Mais le pire n'est pas l'amende. Le pire, c'est que vos factures fournisseurs ne vous parviendront tout simplement plus. Imaginez le chaos opérationnel : factures d'énergie, de loyer, de prestations IT… tout se bloque dans un circuit auquel vous n'avez pas accès. Conséquences : retards de paiement, pénalités contractuelles, services suspendus, comptabilité déréglée, relations fournisseurs détériorées.
Scénario 2 : « J'émets encore mes factures en PDF par email »
Pour les grandes entreprises et ETI dès septembre 2026, et pour les PME et TPE à partir de septembre 2027, l'émission de factures hors du circuit PA sera sanctionnée :
- 50 € par facture non conforme (l'amende a été triplée par rapport à l'ancien régime à 15 €).
- Plafond annuel : 15 000 €.
Concrètement, une PME qui continuerait à émettre 100 factures par mois en dehors du circuit s'exposerait à 5 000 € d'amende par mois, et atteindrait le plafond annuel en seulement trois mois.
Scénario 3 : « Je ne fais pas mon e-reporting »
Si vous ne transmettez pas les données de transaction et de paiement requises (notamment pour vos ventes B2C ou à l'international) :
- 500 € par transmission manquante (doublé par rapport à 250 €).
- Plafond annuel : 15 000 €.
Scénario 4 : le coût caché qui dépasse largement les amendes
Au-delà des sanctions financières, voici ce qui guette les retardataires :
- Mise en conformité d'urgence : les bons intégrateurs Odoo seront saturés à l'été 2026. Ceux qui s'y prendront au dernier moment paieront le prix fort, à des tarifs majorés, avec des délais d'implémentation incompressibles.
- Risque de contrôle fiscal : la non-conformité à la facturation électronique est un signal rouge pour l'administration, qui dispose désormais des outils pour détecter automatiquement les manquements.
- Litiges commerciaux : une facture émise hors du circuit légal peut être contestée par votre client, qui pourra légitimement refuser de la payer.
- Perte de crédibilité : vos clients B2B exigeront de plus en plus la conformité comme prérequis contractuel.
L'addition réelle, pour une entreprise non préparée, peut facilement dépasser 30 000 € sur une année, hors impact opérationnel.

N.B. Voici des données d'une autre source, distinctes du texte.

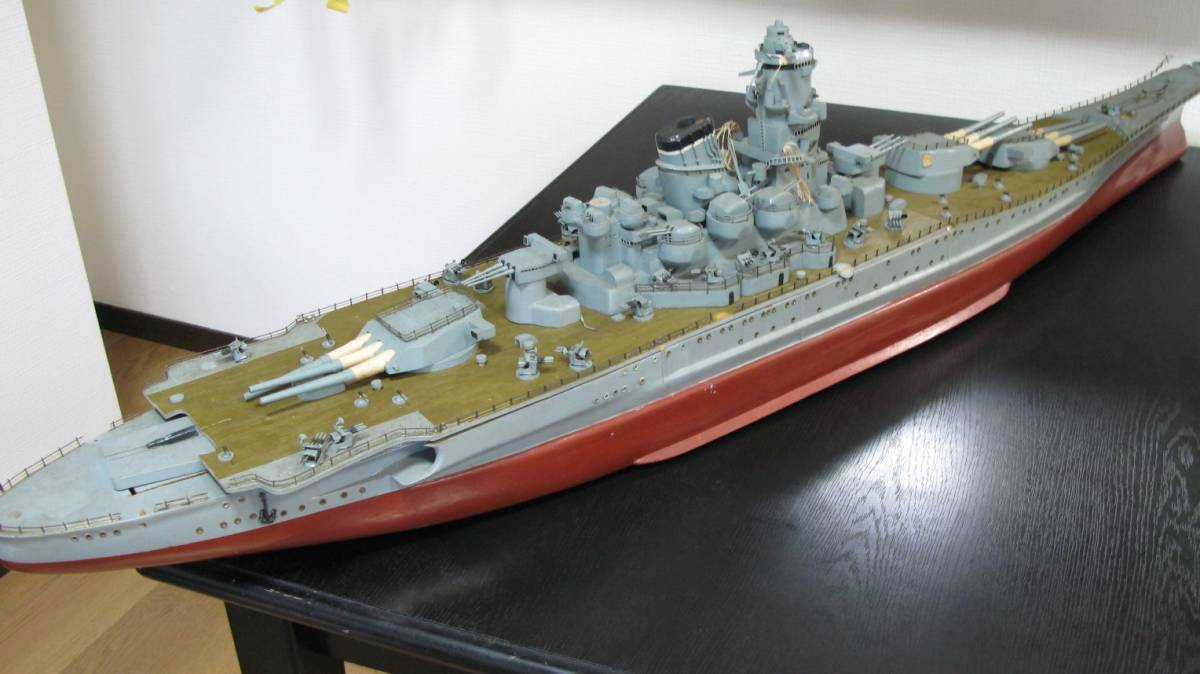 ヴィンテージ 戦艦 武蔵 MUSASHI 大日本帝国海軍大和型二番艦ハンドメイド ヴィンテージ 戦艦 武蔵 MUSASHI 大日本帝国海軍大和型二番艦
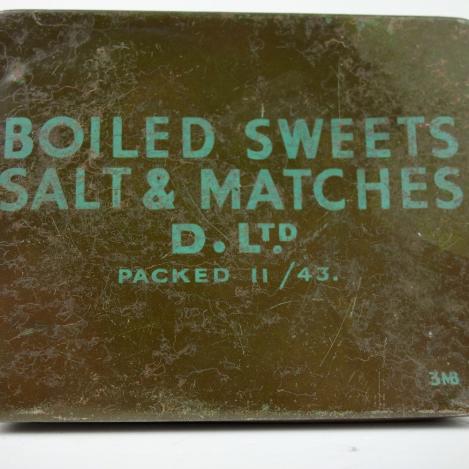 British WW2 Field Ration Metal Can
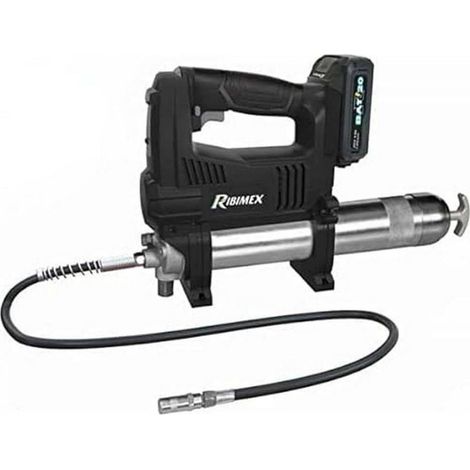 Pompe à Graisse R-BAT20 20V - Avec Batterie 2A et Chargeur - Pratique et Efficace - D-Work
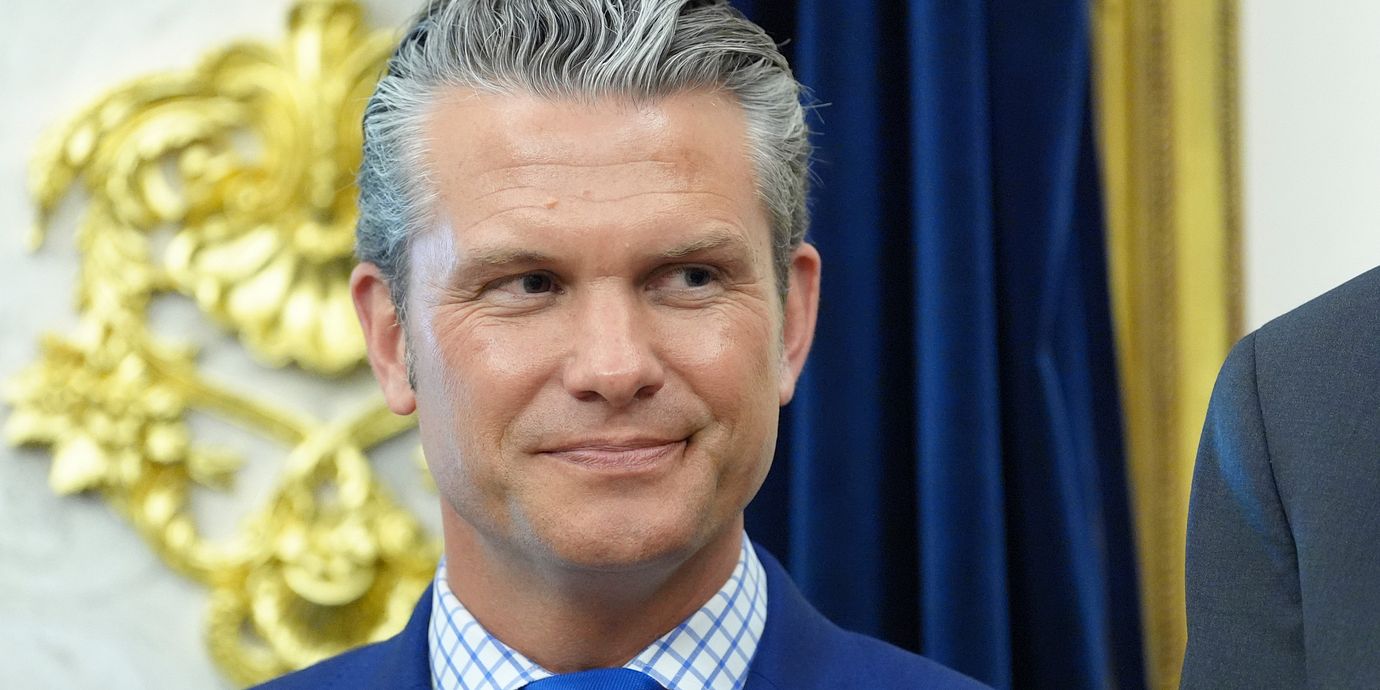 USA:s försvarsminister Pete Hegseth.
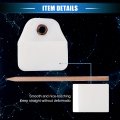 Vekauto 2 Pcs Window Door Glass Channel Retainer Clip 1 57 X1 69 X0 43 Regulator Holder Sash Universal For Car Truck Van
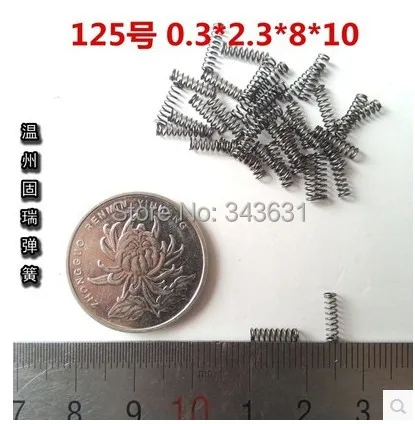 

200pcs 0.3mm Small spot spring wire micro spring compression spring pressure spring 0.3*3*25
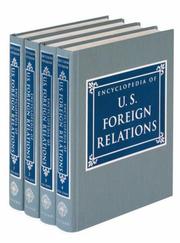 Cover of: Encyclopedia of U.S. Foreign Relations by 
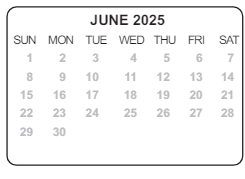 District School Academic Calendar for Martin T Krueger Middle Sch for June 2025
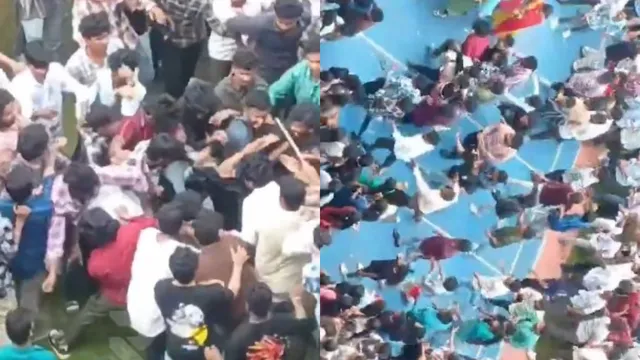 Vizag News: వైజాగ్‌లో కలకలం.. వీధి రౌడీల్లా కొట్టుకున్న విజ్ఞాన్ కాలేజ్ స్టూడెంట్స్-వీడియో!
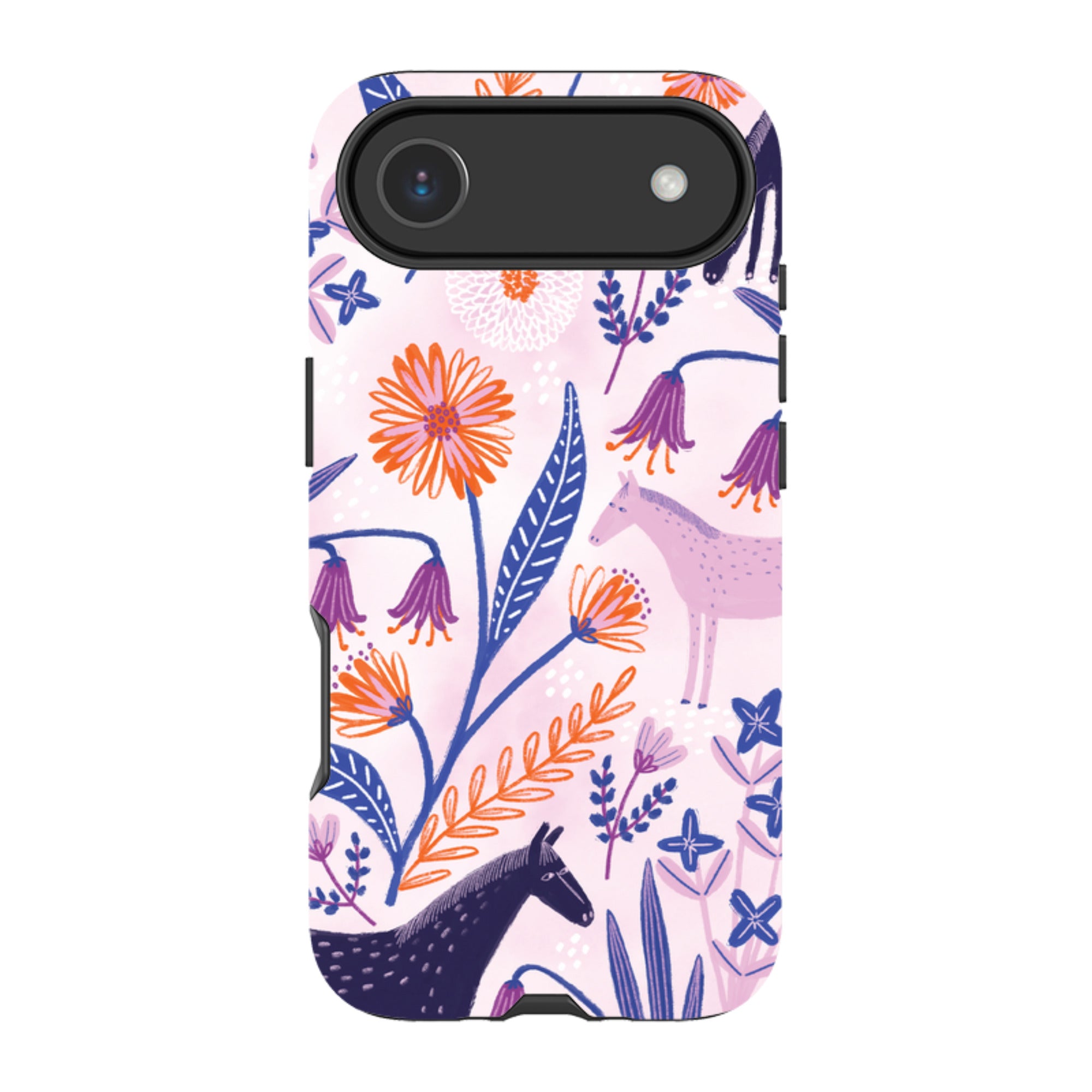iPhone Tough Case - Wild Ponies By Lee Foster Wilson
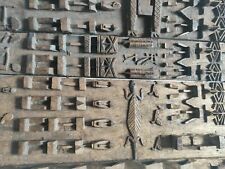 AFRICAN CHARACTERS CARVED WOODEN PLATE. Dogon CARVED WOODEN DOOR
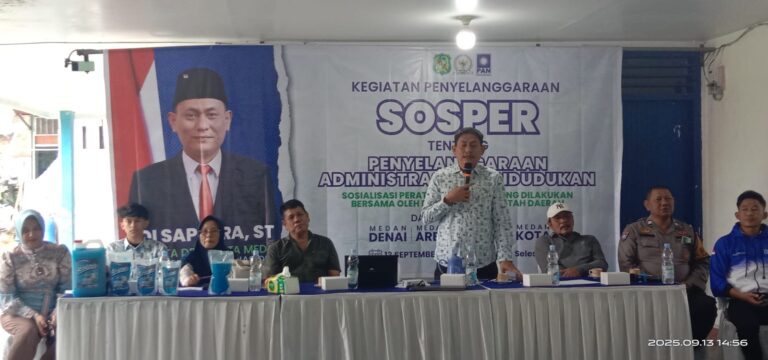 Edi Saputra Gelar Sosper: Kelengkapan Adminduk Penting untuk Memperoleh Program Asta Cita Presiden Prabowo
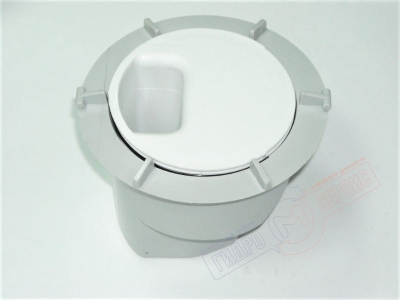 Сифон D=90mm Хром для поддона душевой кабины, Viega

La bonne nouvelle ? Tout cela est parfaitement évitable en s'y prenant maintenant.
5. La feuille de route : que faire dès maintenant ?
Voici les étapes concrètes à enclencher pour aborder l'échéance de septembre 2026 dans la sérénité.
Étape 1 — Auditer votre version d'Odoo. Si vous êtes en version 16 ou antérieure, lancez immédiatement le projet de migration. Plus vous attendez, plus la fenêtre se referme.
Étape 2 — Activer votre PA. Une fois en version 17, 18 ou 19, configurez Odoo comme votre Plateforme Agréée et inscrivez votre entreprise dans l'annuaire central. C'est une démarche simple si elle est anticipée.
Étape 3 — Cartographier vos flux. B2B domestique, B2C, intracommunautaire, export, B2G… chaque type de flux a ses propres règles. Un audit permet d'identifier quel flux relève de l'e-invoicing, lequel relève de l'e-reporting, et quels ajustements sont nécessaires dans vos processus internes.
Étape 4 — Vérifier la qualité de vos données. La réforme ajoute 4 nouvelles mentions obligatoires sur les factures : numéro SIREN du client, catégorie de l'opération, mention TVA sur les débits si applicable, adresse complète de livraison. Vos fiches clients doivent être nettoyées en amont.
Étape 5 — Former vos équipes. Comptables, commerciaux, administratifs : tout le monde doit comprendre les nouveaux flux et les nouveaux statuts (reçue, acceptée, refusée…) pour éviter les blocages opérationnels.
Conclusion : faire de la contrainte un levier de performance
La réforme de la facturation électronique n'est pas qu'une obligation réglementaire. Bien menée, elle est une formidable opportunité : fin des ressaisies manuelles, accélération des cycles de paiement (réduction du DSO), automatisation de la comptabilité fournisseurs grâce à l'OCR et à l'IA d'Odoo, fiabilisation des données fiscales, archivage légal automatique.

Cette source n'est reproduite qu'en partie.